The management of an outbreak depends on the rapid accurate identification of the responsible source of contamination. This requires identifying the pathogens in potentially contaminated samples and patients and tracing back the source of the contamination based on the obtained genomic information. In the context of food-borne outbreaks, conventional methods based on isolation of the pathogen from the contaminated matrix and target-specific real-time polymerase chain reactions (qPCRs) are used in routine. In recent years, the use of whole genome sequencing (WGS) of bacterial isolates has proven its value to collect relevant information for strain characterization as well as tracing the origin of the contamination by linking the isolate of a putatively contaminated environmental sample and the patient’s isolate with high resolution. Metagenomic sequencing offers a novel approach towards the investigation of outbreaks, allowing to reduce the turnaround time of analysis in e.g. an outbreak investigation, and making possible the detection of multi-species/strain outbreaks.

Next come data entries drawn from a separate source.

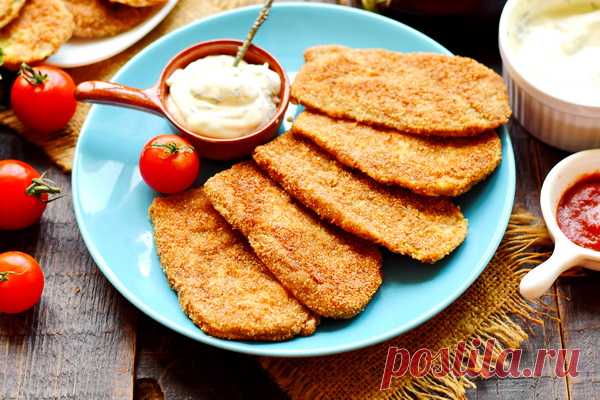 Эти баклажаны сведут с ума: отбивная из баклажанов (по вкусу как куриная) Как только не готовят баклажаны, но этот рецепт определенно заслуживает внимания.         	Вкуснятина из баклажанов, от которой невозможно оторваться – внутри нежная мякоть, а сверху хрустящая корочка.        	Ингредиенты:        	  		баклажаны – 2 шт.  	  	  		сухари панировочные – 100 г  	  	  		яйца – 2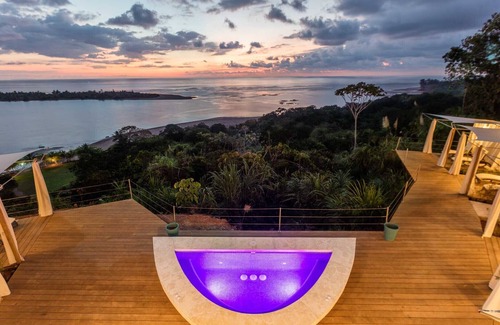 Playa Tortuga House | Dramatic Ocean View and Exclusive Island Beach - Ocean View Suite #1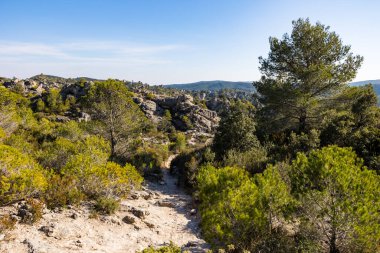 Footpath of the dolomitic circus of Moureze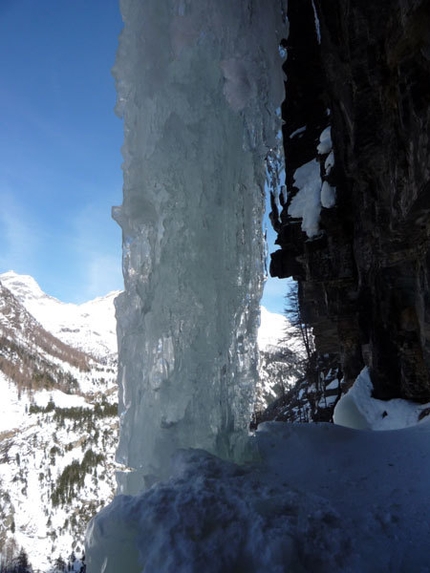 Gole di Gondo - Partenza della seconda candela di Buon compleanno (Gole di Gondo)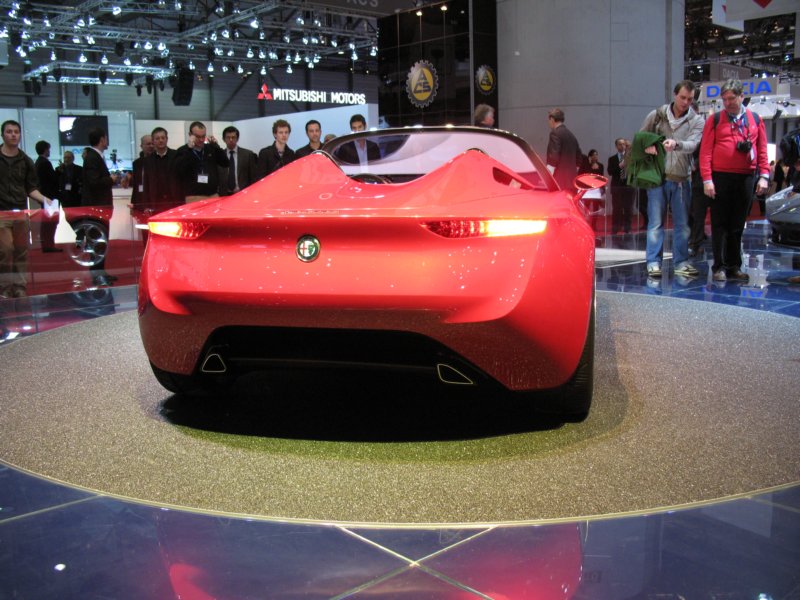 pininfarinaalfaromeo2uettottanta60.jpg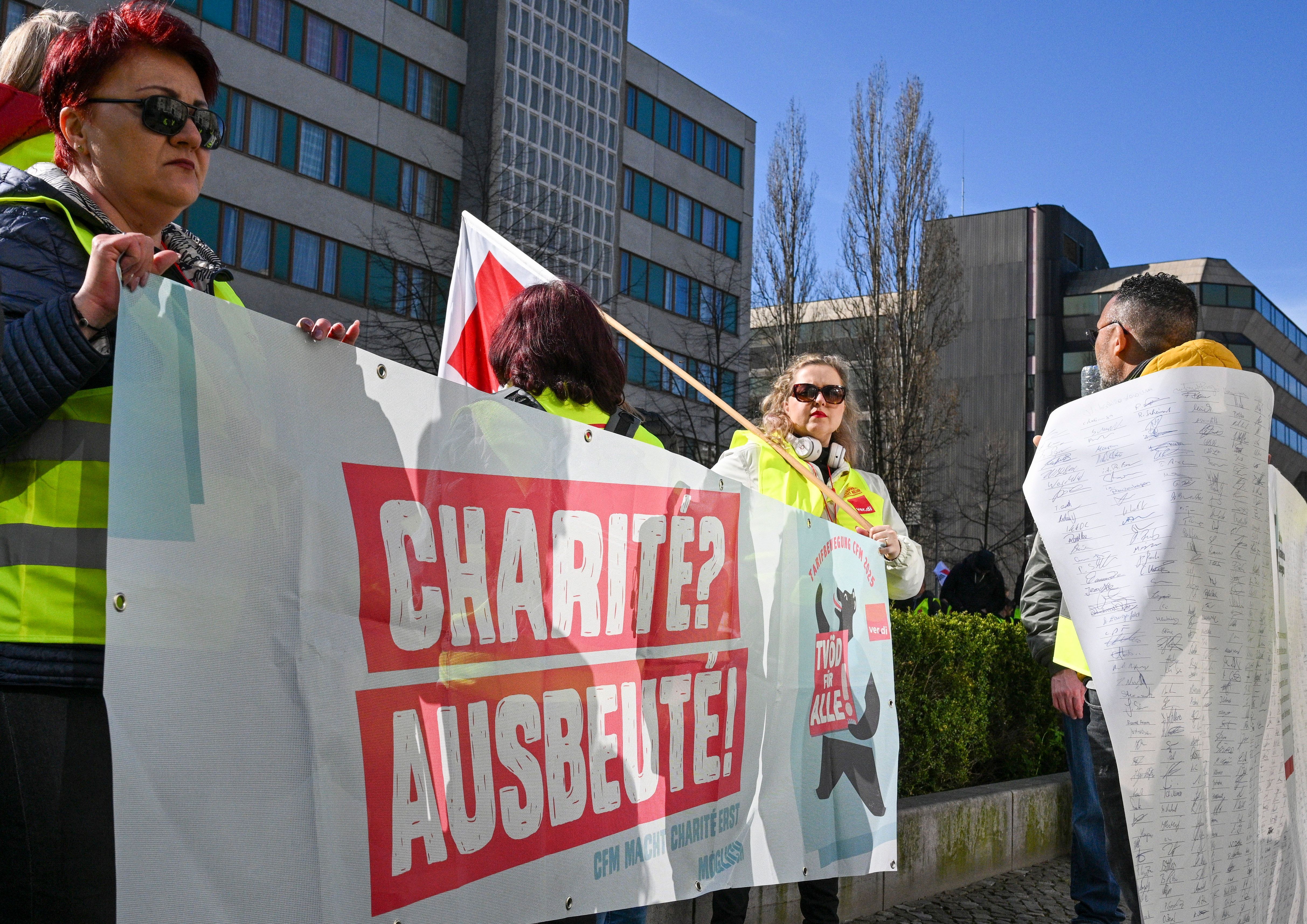 Inszenierter Eklat: Charité-Mitarbeiter machen Stunk gegen Kai Wegner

- So far, Sciensano could set up the workflows to generate the metagenomics data from matrices (in casu food). However, the existing bioinformatics pipeline to identify species from these data has limitations. It depends on the availability of databases with many reference genomes of the species of interest (which are not available for all pathogens) and are often unable to identify subtle differences and/or recombination between strains (like the insertions of mobile elements carrying antibiotic resistance genes).
- Alternatively, a de novo assembly based approach can be used in which longer contigs are reconstructed from smaller DNA segments, called reads. Obtained contigs obtained by metagenomic assembly are further clustered based on their properties (k-mer composition, frequency), a process referred to as binning. The obtained bins are then proxies of assembled genomes. However, most of the bins, irrespective of the de novo assembly algorithm that was used do not represent single genomes. So reconstruction of species at genome level or assignments of antimicrobial resistance (AMR) genes to species remains infeasible, complicating the unbiased identification of species and monitoring of antibiotic resistance during outbreak detection.

Objectives: develop a workflow to support outbreak investigations based on metagenomics data. This requires:
O1. Improving the assembly process. We will use a novel paradigm based on Conditional Random Fields (CRF) developed in the lab of J. Fostier that takes in account both the overlap of reads in the de Bruijn graph as well as the frequencies of reads in neighboring nodes of the graph. This allows to estimate in a probabilistic way both the genomes of the species but also their relative abundance in the mixture. The goal is to turn this theoretical framework in a practical assembler.
O2. Compare the performance of this assembler with the state-of-the-art using metagenomics data available in Sciensano in the context of outbreak investigation.
O3. To complete the workflow by adding the pipelines for the inference of the spatial and temporal spread of the outbreak inferred from the genomic information available in NITTTR Kolkata.

The end product resulting from networking activities among complementary expert groups will be a workflow that can support decision making during outbreak investigation and for the surveillance of antibiotic resistance strains based on metagenomics data. J. Fostier will contribute the theoretical framework, K. Marchal contributes expertise in metagenomics assembly using state-of-the-art tools, Indrajit Saha contributes expertise in applied computer science and with the analysis of mutational landscapes and Sciensano contributes expertise with the generation of the data and the applicability of the methods in a governmental setting.